ABOUT THIS TASK: Without the pictures, print the lines from the one holding "The image shows" through the last line below, both included, exactly as they stand.

MATERIAL PROVIDED:
------------------------------------------------------------

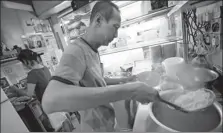  ??  ?? Hawker Lim Swee Heng prepares a bowl of laksa noodles on Aug 8.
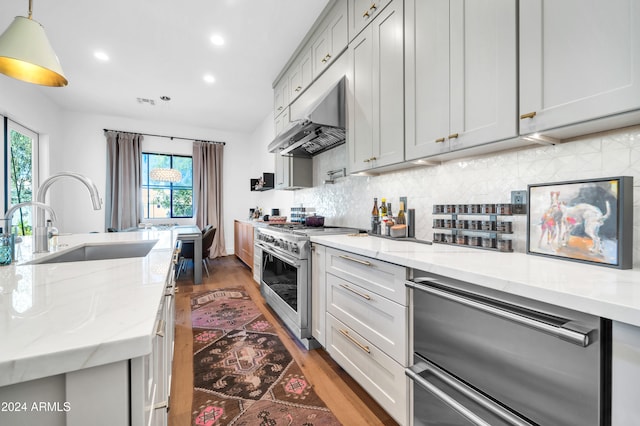 kitchen with light stone countertops, appliances with stainless steel finishes, sink, wood-type flooring, and hanging light fixtures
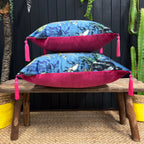 DEADLY NIGHT SHADE CUSHION IN SMOKE WITH RASPBERRY PIPING – MEDIUM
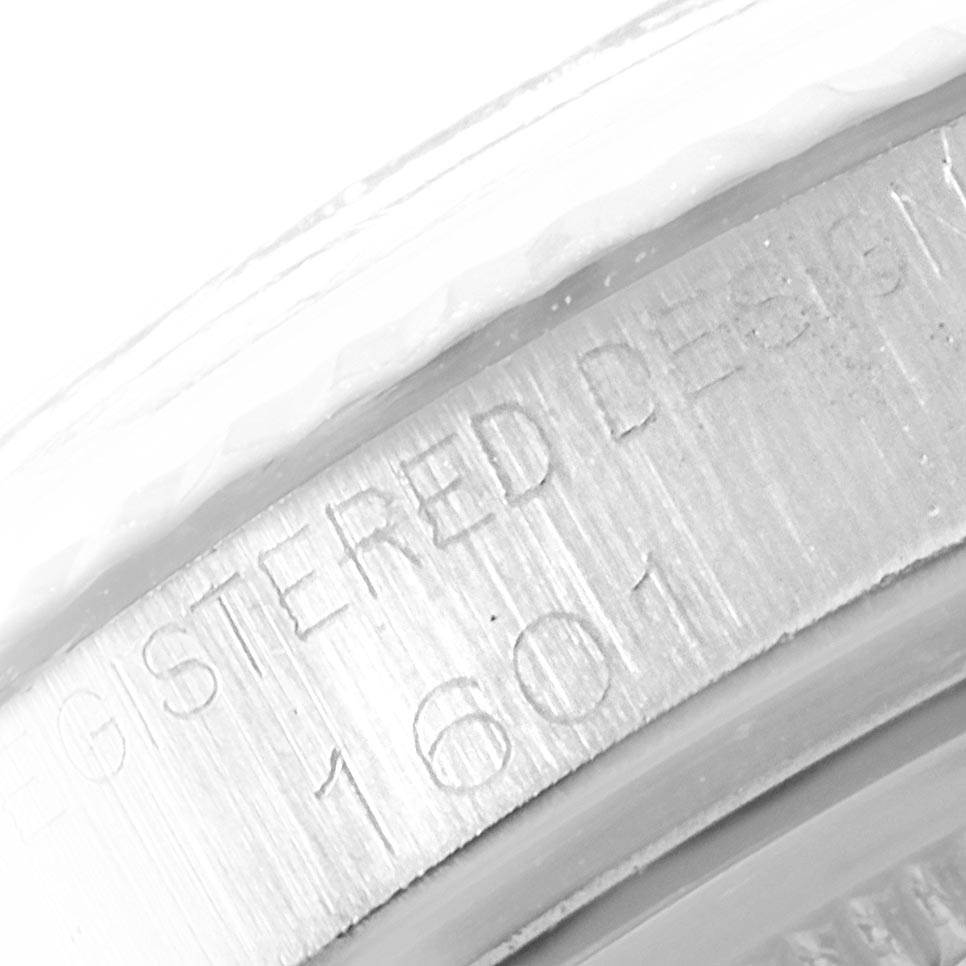 The image shows a close-up of the side of a Rolex Vintage Collection 1601 Men's Stainless Steel Silver Dial 1601 Men's Stainless Steel Silver Dial watch, highlighting its "REGISTERED DESIGN" engraving and model number.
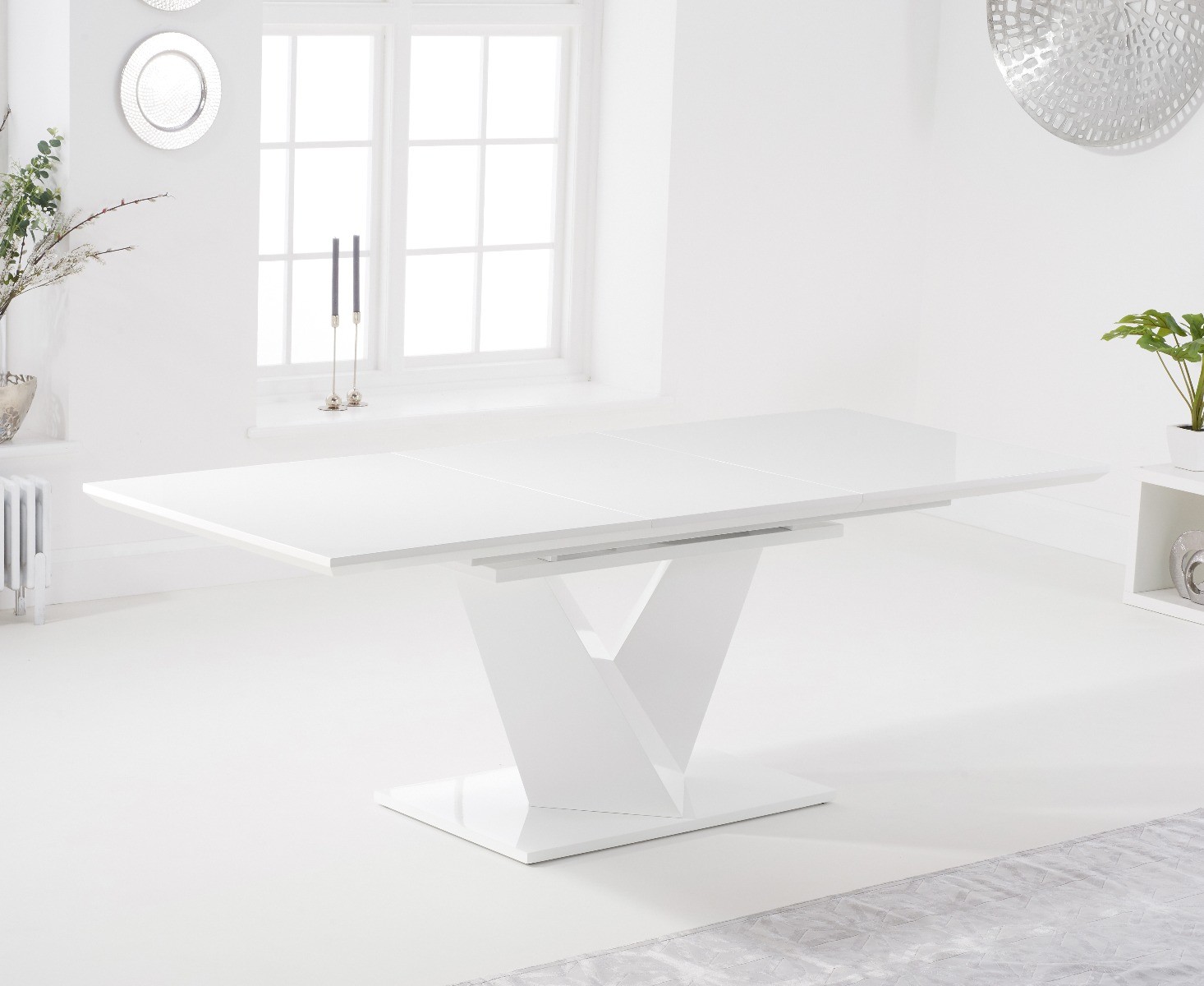 Photo 3 of Vittorio 160cm white high gloss extending dining table with 4 black austin faux leather chairs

------------------------------------------------------------

RESPONSE TO THE EXERCISE:
 The image shows a close-up of the side of a Rolex Vintage Collection 1601 Men's Stainless Steel Silver Dial 1601 Men's Stainless Steel Silver Dial watch, highlighting its "REGISTERED DESIGN" engraving and model number.
 Photo 3 of Vittorio 160cm white high gloss extending dining table with 4 black austin faux leather chairs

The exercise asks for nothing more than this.